Task prompt >> Beneath this instruction is a block of data; output from it exactly the lines that run from the one containing "bead-embellished Western-style track pants 4" through the one containing "couple laying in", inclusive.

Records from a collection
####
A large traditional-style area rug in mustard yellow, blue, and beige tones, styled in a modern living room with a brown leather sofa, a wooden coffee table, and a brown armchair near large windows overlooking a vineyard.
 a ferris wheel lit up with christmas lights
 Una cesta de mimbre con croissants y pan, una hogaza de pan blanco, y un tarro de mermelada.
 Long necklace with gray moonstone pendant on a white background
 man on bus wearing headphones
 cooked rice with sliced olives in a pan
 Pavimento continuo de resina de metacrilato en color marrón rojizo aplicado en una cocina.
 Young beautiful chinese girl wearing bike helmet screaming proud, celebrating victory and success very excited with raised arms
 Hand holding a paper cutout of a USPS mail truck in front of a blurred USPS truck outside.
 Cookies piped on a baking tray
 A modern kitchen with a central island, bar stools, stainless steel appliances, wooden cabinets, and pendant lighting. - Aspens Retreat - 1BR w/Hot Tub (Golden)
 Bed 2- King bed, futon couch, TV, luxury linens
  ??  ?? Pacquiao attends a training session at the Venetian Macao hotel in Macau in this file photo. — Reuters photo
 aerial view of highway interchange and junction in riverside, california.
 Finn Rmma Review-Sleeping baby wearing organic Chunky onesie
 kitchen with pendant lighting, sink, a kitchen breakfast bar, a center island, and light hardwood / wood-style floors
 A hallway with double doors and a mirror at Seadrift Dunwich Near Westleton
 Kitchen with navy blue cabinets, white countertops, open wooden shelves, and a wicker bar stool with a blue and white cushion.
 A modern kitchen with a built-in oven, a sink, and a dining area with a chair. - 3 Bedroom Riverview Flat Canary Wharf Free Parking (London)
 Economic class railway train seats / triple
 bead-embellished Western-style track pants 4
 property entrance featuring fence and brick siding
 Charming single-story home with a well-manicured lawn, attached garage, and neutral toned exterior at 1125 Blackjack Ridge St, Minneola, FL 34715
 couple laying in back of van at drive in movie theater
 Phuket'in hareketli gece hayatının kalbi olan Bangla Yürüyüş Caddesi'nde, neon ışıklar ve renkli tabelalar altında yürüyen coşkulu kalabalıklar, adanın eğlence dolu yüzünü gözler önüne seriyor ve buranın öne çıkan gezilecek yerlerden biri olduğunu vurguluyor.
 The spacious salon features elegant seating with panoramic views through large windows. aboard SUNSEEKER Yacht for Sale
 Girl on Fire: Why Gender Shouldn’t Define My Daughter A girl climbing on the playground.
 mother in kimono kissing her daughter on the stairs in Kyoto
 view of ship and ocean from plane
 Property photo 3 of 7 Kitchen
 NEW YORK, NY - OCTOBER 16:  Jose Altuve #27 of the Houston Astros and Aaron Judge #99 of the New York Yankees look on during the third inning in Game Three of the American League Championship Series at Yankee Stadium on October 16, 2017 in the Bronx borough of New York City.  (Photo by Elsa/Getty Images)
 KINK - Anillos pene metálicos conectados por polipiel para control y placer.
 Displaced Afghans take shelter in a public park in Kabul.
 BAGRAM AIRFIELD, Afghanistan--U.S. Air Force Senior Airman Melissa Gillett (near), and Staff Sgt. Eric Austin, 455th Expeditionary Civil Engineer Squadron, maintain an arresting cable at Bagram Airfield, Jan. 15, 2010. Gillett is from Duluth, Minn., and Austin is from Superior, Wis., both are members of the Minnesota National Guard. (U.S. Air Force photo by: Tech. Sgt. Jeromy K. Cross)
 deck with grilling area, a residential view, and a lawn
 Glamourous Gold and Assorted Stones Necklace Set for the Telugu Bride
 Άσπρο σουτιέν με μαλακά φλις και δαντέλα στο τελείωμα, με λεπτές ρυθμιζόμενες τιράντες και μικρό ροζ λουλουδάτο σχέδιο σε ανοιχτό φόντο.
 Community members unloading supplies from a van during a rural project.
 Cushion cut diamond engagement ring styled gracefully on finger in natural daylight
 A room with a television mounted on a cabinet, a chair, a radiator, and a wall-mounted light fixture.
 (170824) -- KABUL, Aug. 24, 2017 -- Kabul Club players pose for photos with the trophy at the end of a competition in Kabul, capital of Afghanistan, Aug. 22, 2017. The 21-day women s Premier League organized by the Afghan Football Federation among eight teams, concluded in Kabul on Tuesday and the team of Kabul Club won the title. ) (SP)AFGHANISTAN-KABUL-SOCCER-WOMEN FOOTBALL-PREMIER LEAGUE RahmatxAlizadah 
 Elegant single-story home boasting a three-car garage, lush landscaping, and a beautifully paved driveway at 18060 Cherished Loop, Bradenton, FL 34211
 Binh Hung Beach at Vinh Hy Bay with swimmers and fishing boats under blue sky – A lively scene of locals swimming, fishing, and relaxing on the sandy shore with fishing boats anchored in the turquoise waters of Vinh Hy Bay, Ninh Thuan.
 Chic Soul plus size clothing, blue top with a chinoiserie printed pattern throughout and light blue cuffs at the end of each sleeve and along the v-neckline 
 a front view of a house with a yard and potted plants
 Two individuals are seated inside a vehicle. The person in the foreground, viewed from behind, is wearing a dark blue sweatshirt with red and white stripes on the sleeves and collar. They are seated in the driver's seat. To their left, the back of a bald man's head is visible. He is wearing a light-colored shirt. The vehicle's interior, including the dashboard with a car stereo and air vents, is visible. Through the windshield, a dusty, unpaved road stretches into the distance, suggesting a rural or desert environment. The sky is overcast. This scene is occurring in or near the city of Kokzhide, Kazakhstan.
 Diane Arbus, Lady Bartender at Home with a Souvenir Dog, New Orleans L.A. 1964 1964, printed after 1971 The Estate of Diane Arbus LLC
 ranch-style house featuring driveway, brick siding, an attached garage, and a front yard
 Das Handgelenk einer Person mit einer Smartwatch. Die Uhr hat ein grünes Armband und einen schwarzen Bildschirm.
####
Solution to this problem >>
 bead-embellished Western-style track pants 4
 property entrance featuring fence and brick siding
 Charming single-story home with a well-manicured lawn, attached garage, and neutral toned exterior at 1125 Blackjack Ridge St, Minneola, FL 34715
 couple laying in back of van at drive in movie theater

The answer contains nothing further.